Why I paint

I write this not to tell why I paint rather why it is not possible for me not to paint. Painting for me is not just an art form but something which unifies many things to help me stay an integral whole, without which I will disintegrate into nothing. It is like an amulet which helps me keep my sanity. More than anything it is something which kept at bay the images which have haunted me throughout my life.

From childhood onwards colours and forms did haunt my inner space. I saw each and everything – not only physical things but emotions, persons, incidents, days of the week, everything – in forms and colours. There was a time when I believed this synesthetic way of seeing things was common to everybody around me. There used to be some very surrealist images that dwelt in my inner space. Painting was the only outlet to exorcise these images. But then, it was more than a mere catharsis for me.

Maybe I must speak more about my childhood. My childhood imagination was influenced by normal stuff like Disney comics and Russian folk tales on the surface; while local ghost stories, eerie rituals and creepy legends provided a dark undercurrent. These two opposite forces played a major role in deciding my art and the images that were etched in my mind. I remember the time when my mother used to take me to the nearby Chottanikkara temple and the fantastic – if not frightening – rituals performed there. Again I used to have fragile health throughout my childhood and I remember sitting in front of the doctor’s place during many wet monsoon evenings as the twilight fades into the dusk. These are two very distinct images that I have in my mind as I think about my early childhood. I thought somehow these two things have connection with each other. And they are the backbone of my art.

There are two incidents that are of relevance here. One is my seeing the then famous Hollywood horror movie ‘A Nightmare on Elm Street’ by Wes Craven. I was always a horror fan so never thought this one film would make much of a difference. But the surrealist scenes and images, with the all time favorite villain of ‘Freddy Kruger’ stayed with me for a long time. I saw the film when I was just entering teens (such a wrong time to see such a movie) and what followed was real horror. It was more than a few sleepless nights. There was more than ‘getting frightened’ in the whole experience. I felt as if I am emotionally and artistically violated by some sinister force. Again there was some kind of unholy enjoyment also to the whole thing. Somehow the images got fused with my inner images.

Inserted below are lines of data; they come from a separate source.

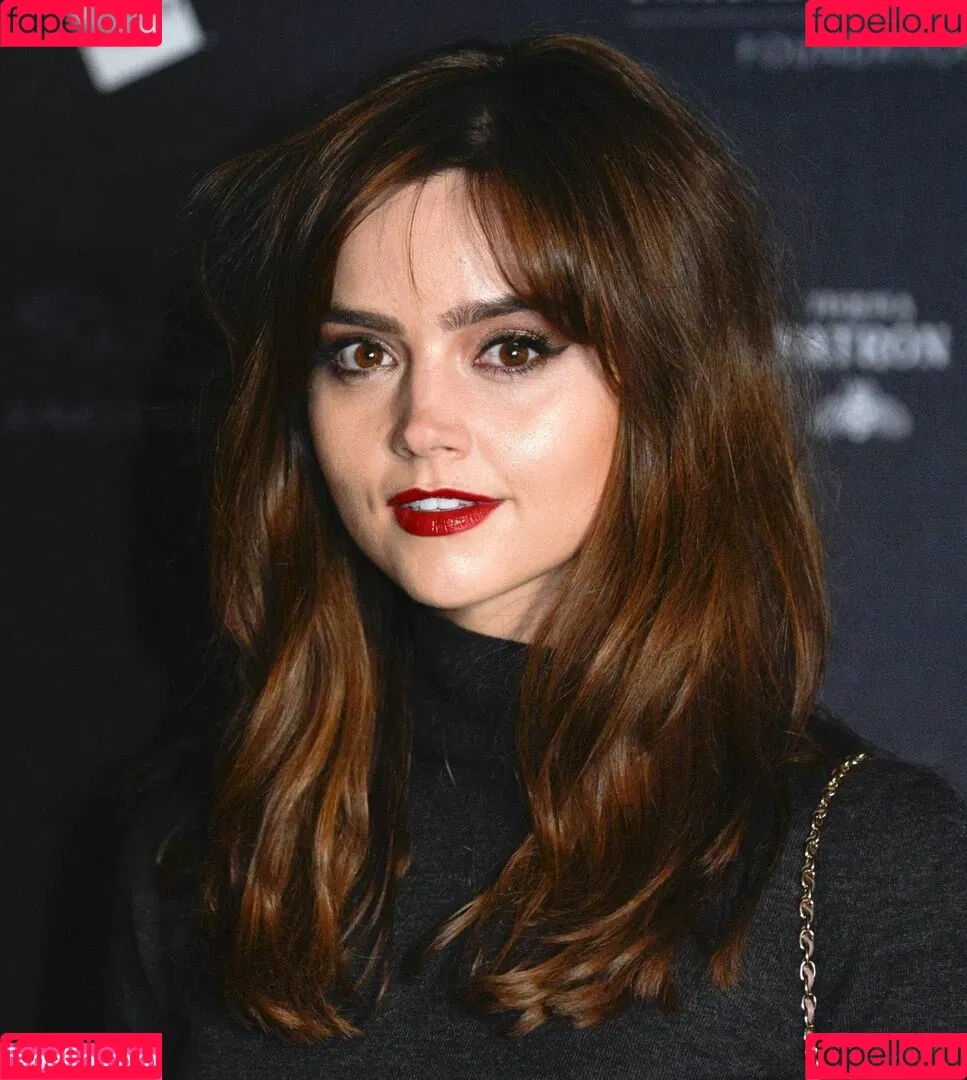 Jenna Coleman Onlyfans Photo Gallery 
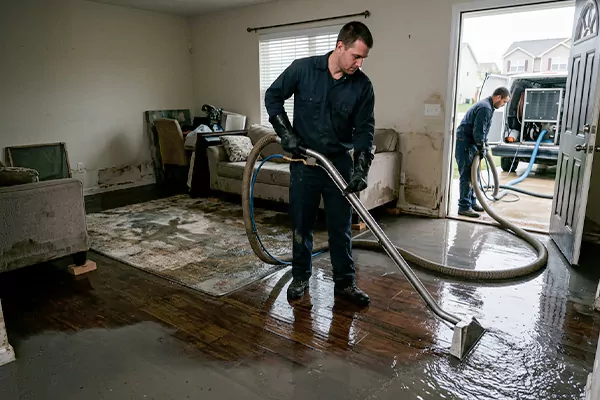 Emergency Water Extraction Cleburne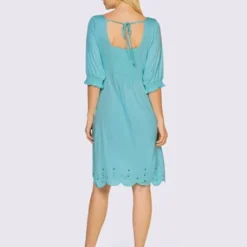 Robe En Jersey Pure Viscose -Feminisca Soldes Magasin 153.00ZUK66647 B44.001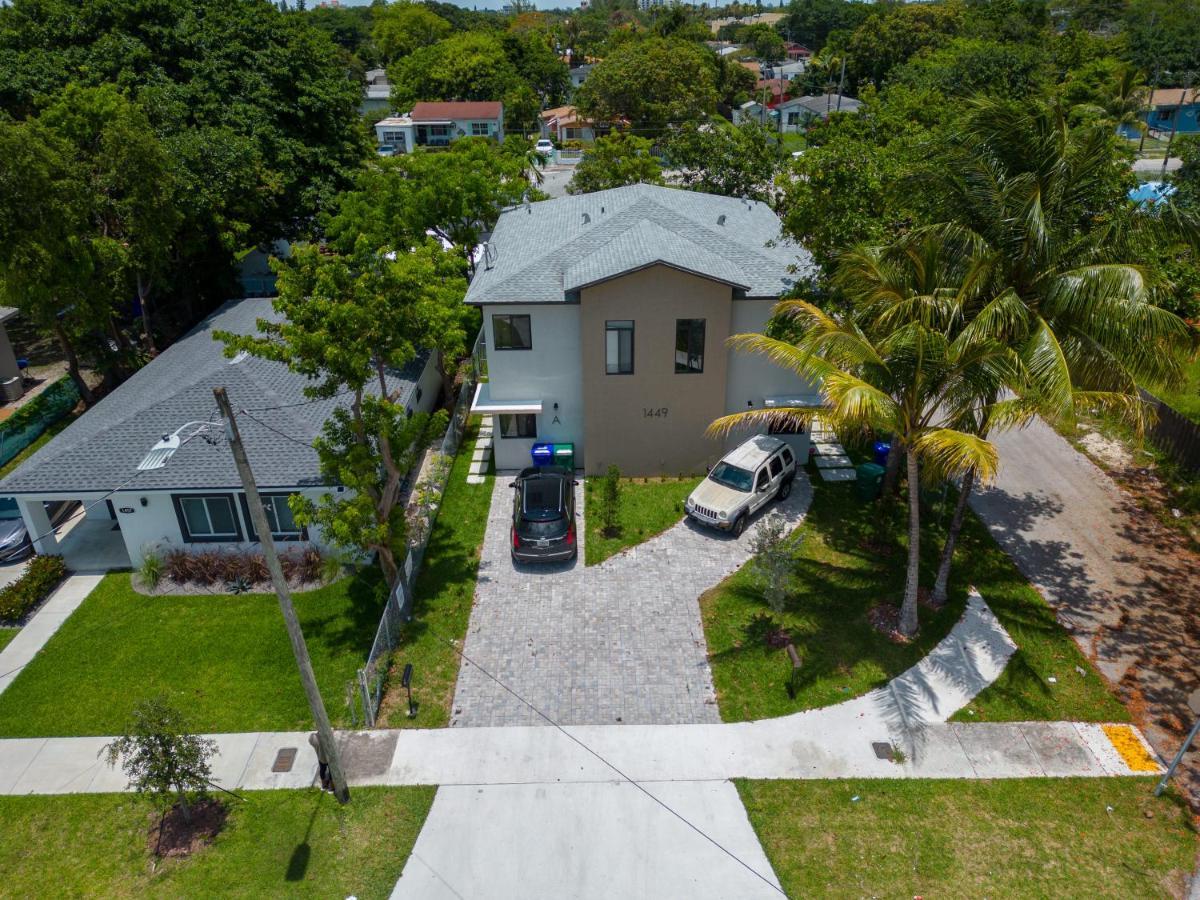 Apartmán Luxury Miami Vacation! Next To Wynwood & Design District Exteriér fotografie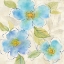 Picture of BLUE POPPY GARDEN II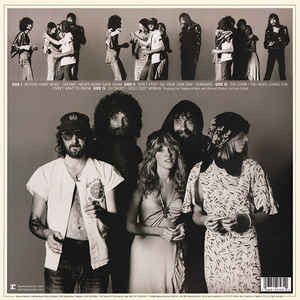 Fleetwood Mac - Rumours (Vinyl, VG+) (Vinyl LP)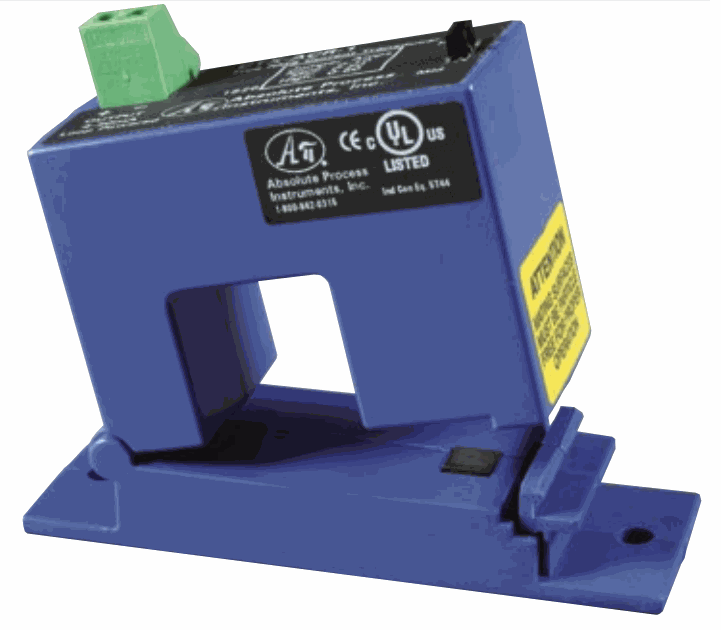 API CTX-AC / CTX-ACR Series AC Current Transmitter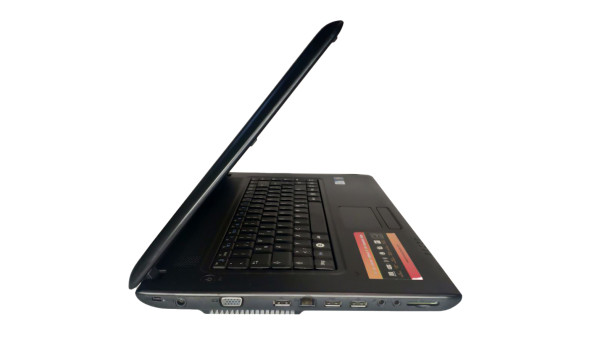 Ноутбук Samsung R519 Intel Pentium T4300 3Gb RAM 160b HDD 15.5" - ноутбук Б/У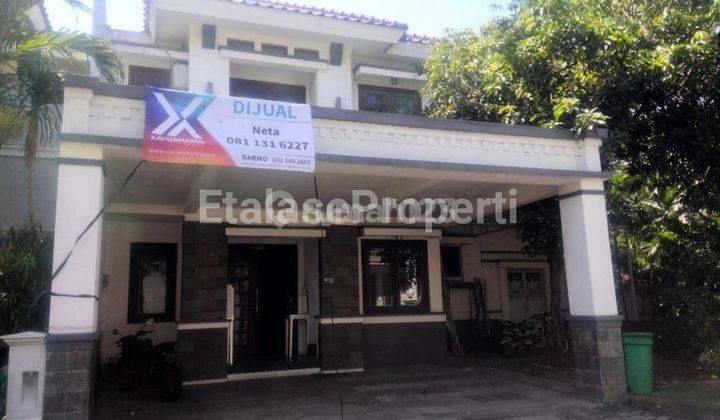 Rumah Cluster Royal Palais Fasilitas Lengkap Siap Huni Strategis Di Wisata Bukit Mas Surabaya Barat 1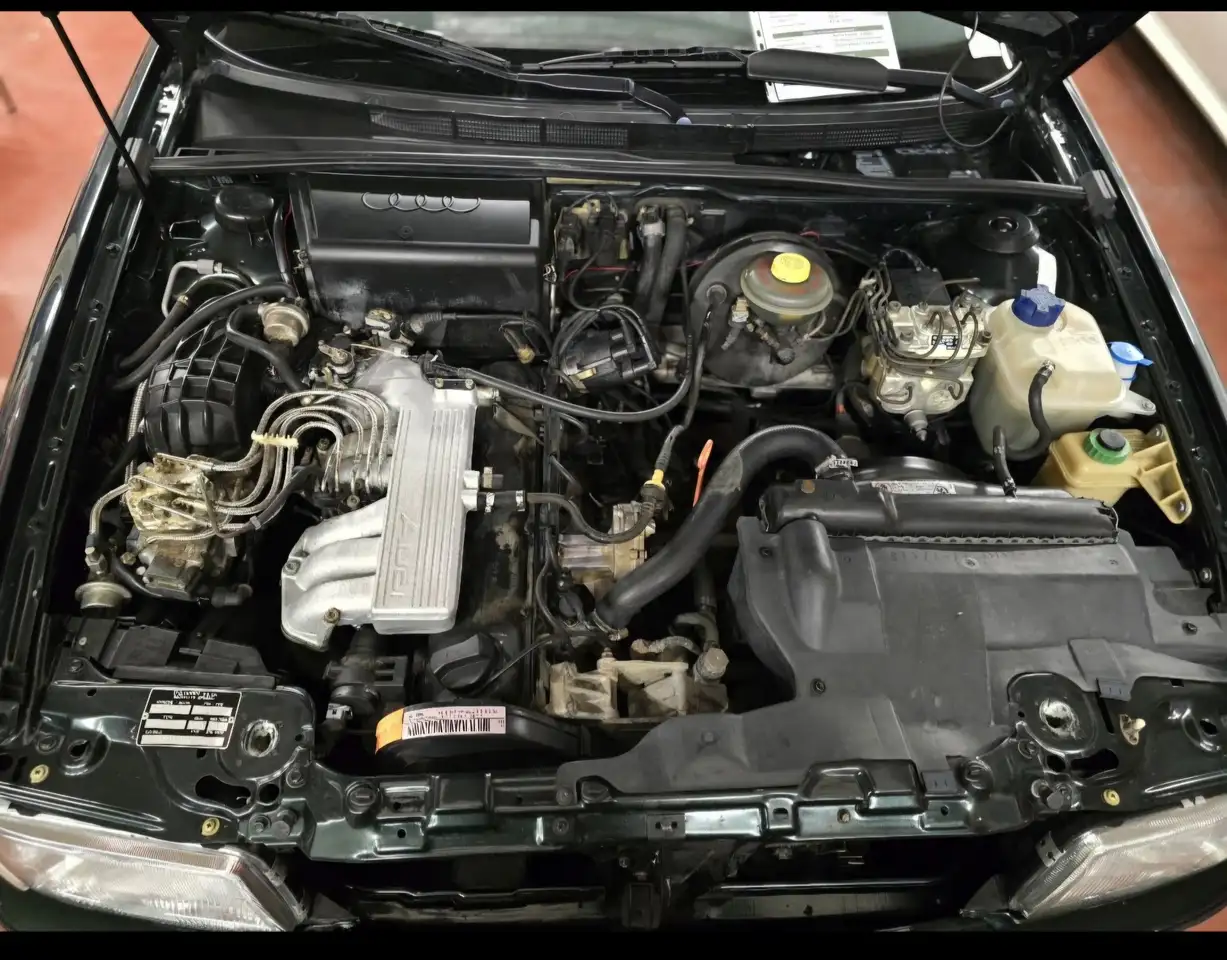 Audi 80 2.3 E, foto 7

The second was a group tour which catastrophically ended in a horrible accident. It was just after my puberty - a very difficult time for me. We were travelling through Tamil Nadu and at Ramanathapuram (at that time a very small village: the place was believed unsafe after the dusk) we met with an accident during which many got wounded. I happened to witness a severed hand laying there butchered on the road with its flesh shredded to pieces. Even now that image is vivid in my mind. Later on we got marooned at one abandoned court house with nothing but a huge emptiness surrounding it. It was felt as if we were stolen into some parallel universe. The landscape was so desolate and unreal with its ocherish earth. Occasional huge palm trees stood erect here and there; and drab green creepers spread across the ground as if they were reaching out for something. A gale whistled through the vastness of the night. It was as if the place had a life of its own! We had to stay in that hopeless place for the better part of the night before we got packed away to civilization. I don’t know why, but later when my knee got injured with a ligament tear and I underwent a surgery the same images kept recurring in my mind’s space.

The images I keep drawing again and again are reinterpretations of all these actually. It is like a Jig-saw which becomes clearer as it advances in time. It is as if the images become harmless when I try to draw them. As I started, the painting was on canvas, but later a two-dimensional surface became insufficient for my work. So I started these animations, films and performances. But whatever I do, I am able only to paint. All these can be seen as paintings I have done in different mediums with additional dimensions of space and time. Painting exists in one moment of time while the other forms flow with time; two sides of the same coin!

Many a time imagery derived from traditional ritualistic practices – even though they have no connection whatsoever with the actual ones – becomes the body of my work (Examples are Vrikshavela and Kooli). The collection I have here of my works is a small sample of what I tried to do.